Lawyers representing victims of a cholera epidemic in Haiti have filed a multi-billion dollar compensation claim against the United Nations.

The lawsuit, which was filed on Wednesday in a New York federal court, blames UN peacekeepers for inadvertently introducing the disease into Haiti in late 2010, Reuters reported.

The disease killed more than 8,300 people and sickened more than 650,000 since October 2010. That’s almost seven percent of the population.

“Haiti today has the worst cholera epidemic in the world,” said Miami attorney Ira Kurzban, who announced the lawsuit at a joint news conference with the human rights groups Bureau des Avocats Internationaux (BAI) and the Institute for Justice and Democracy in Haiti (IJDH).

“Before these events, Haiti did not know of cholera for 100 years. Cholera was brought to Haiti by UN troops [from Nepal],” Kurzban said.

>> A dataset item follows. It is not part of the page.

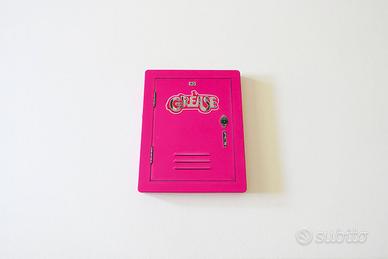 Dvd steelbook film musical Grease 1 e 2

The troops were stationed near a tributary of the Artibonite River and discharged raw sewage (excrement) that carried a strain of cholera into Haiti, sparking the epidemic, the lawsuit said.

“The UN knew or should have known that its reckless sanitation and waste disposal practices posed a high risk of harm to the population, and that it consciously disregarded that risk, triggering an explosive epidemic,” the civil rights groups said in the joint press release.

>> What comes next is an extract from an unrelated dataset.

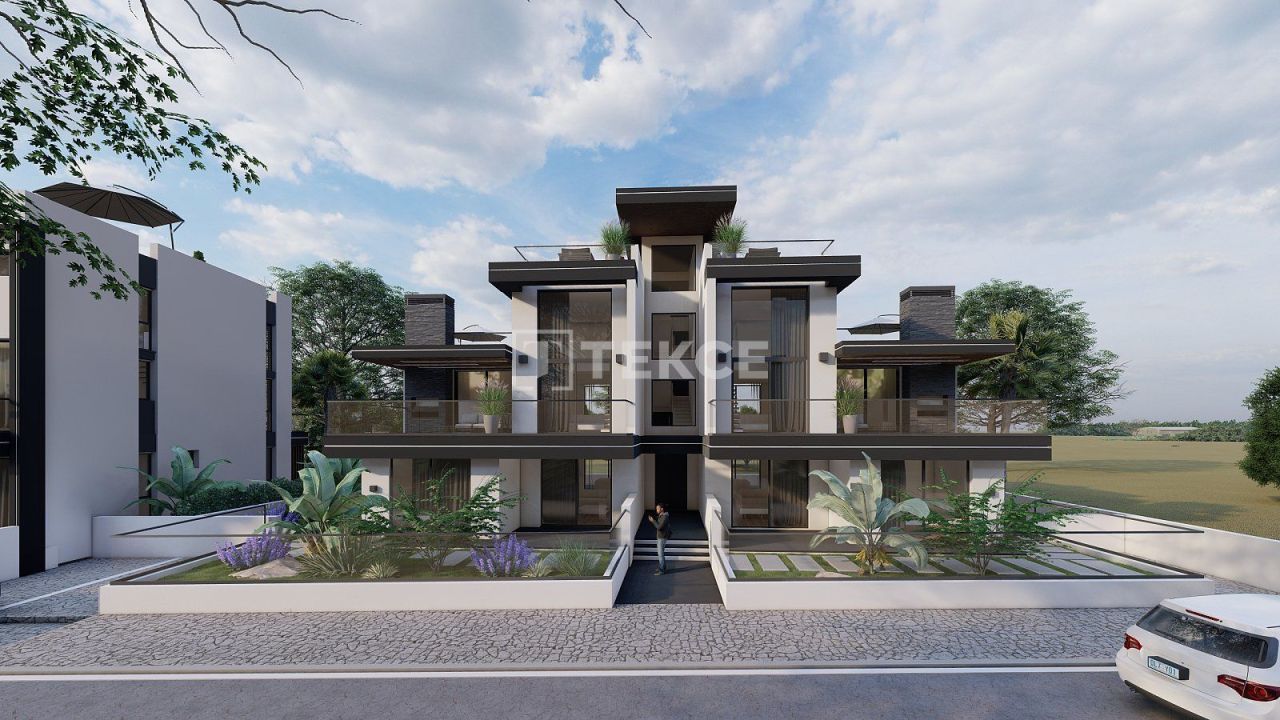 Пентхаус в Газимагусе, Кипр, 113 м² - фото 9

The lawyers are demanding $2.2 billion for the Haitian government to eradicate cholera along with unspecified damages for as many as 679,000 victims for personal injury, wrongful death, emotional distress, and loss of use of property and natural resources.

In February, the United Nations said it would not pay hundreds of millions of dollars in compensation claimed by cholera victims in Haiti, claiming that it is immune from lawsuits arising out of damage done in the course of its activities.